As we matured, we started to desire more consistency. We started long-running campaigns. Suddenly characters had plans and ambitions, and at the same time, losing a high level character became a little more painful. Gaining levels wasn't just enjoyed for the glory of being more powerful, but became a step to gaining that next thing you want to do with the character.

Combine this with the fact that it is rare that a creature we encounter isn't immediately broken down into the context of abilities and probable stat blocks in the back of my mind. Even when meeting some new creature for the first time, it is still often analyzed in the context of the game mechanics, and so the wonder and mystery is diminshed.
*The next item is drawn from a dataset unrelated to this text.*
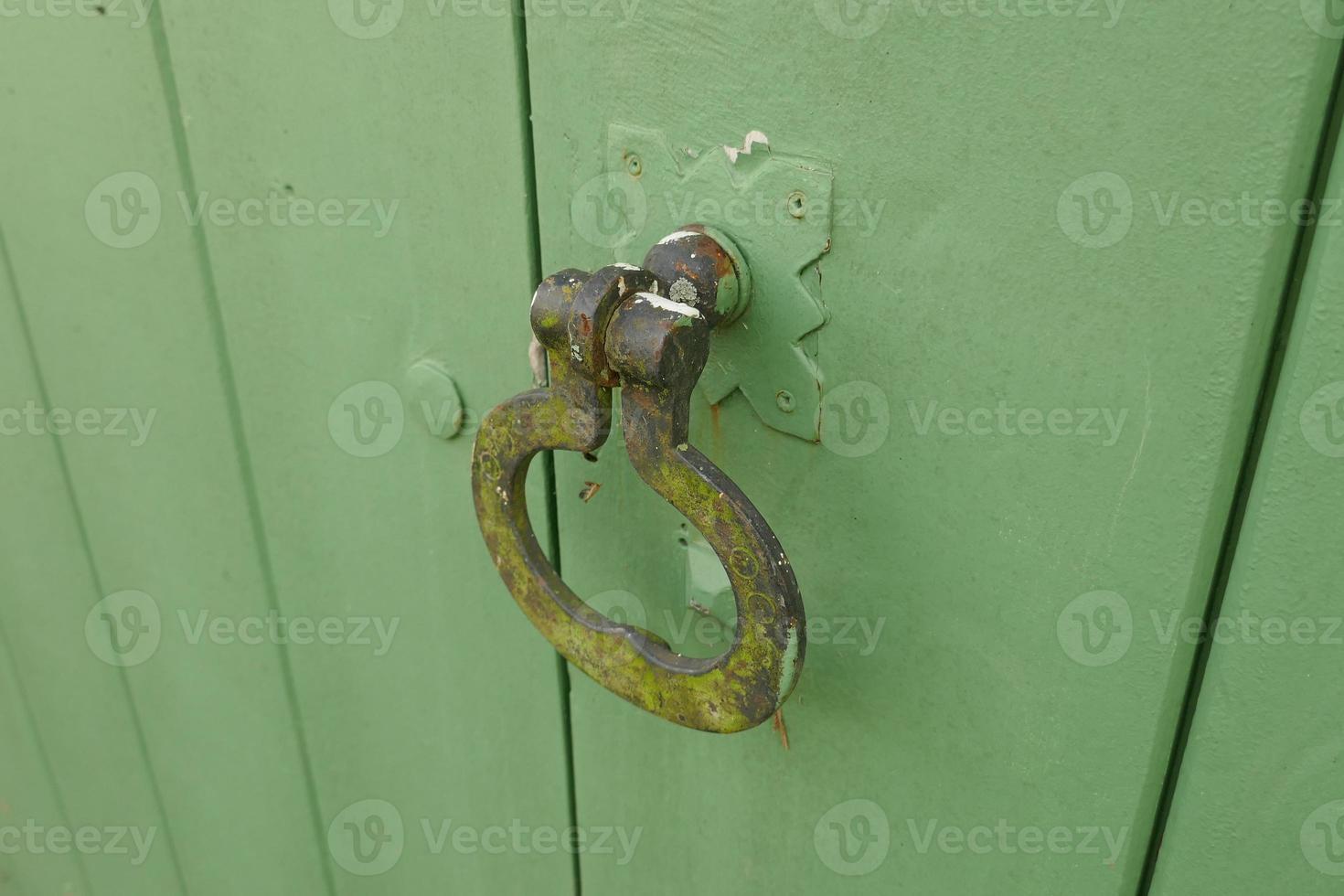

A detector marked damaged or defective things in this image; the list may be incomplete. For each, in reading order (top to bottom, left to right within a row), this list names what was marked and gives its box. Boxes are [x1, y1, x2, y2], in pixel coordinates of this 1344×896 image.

rusty iron handle [472, 226, 805, 735]
corroded metal surface [472, 238, 808, 735] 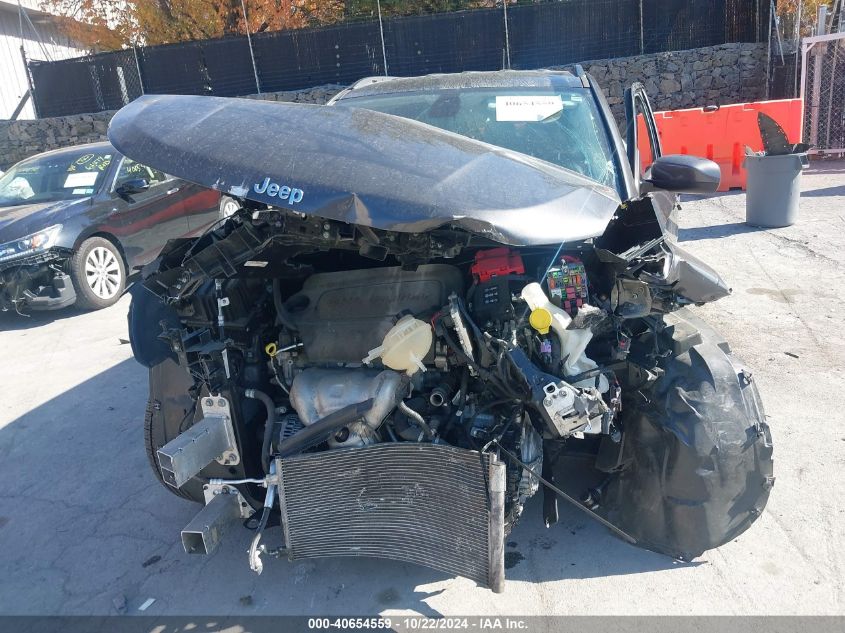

I have learned to accept that the game will never be quite as much "fun" as it was when I was a kid, but that does not mean that I don't get as much enjoyment. It is just that the enjoyment is different; not quite as innocent and pure as it used to be.

Of course I see that same joy now reflected in the eyes of my children when they play; the challenge of a game of Chutes and Ladders, the excitement of running around the yard pretending to be a superhero. Part of me wishes I could just let go of everything and join them in that bliss. I cannot so I instead just bask in a new joy of watching them.
 

twwombat said:
It's the difference between "He cast a Horrid Wilting spell so he must be a 15th level Wizard" and "Ow - how the hell did he do that and how can I learn it?"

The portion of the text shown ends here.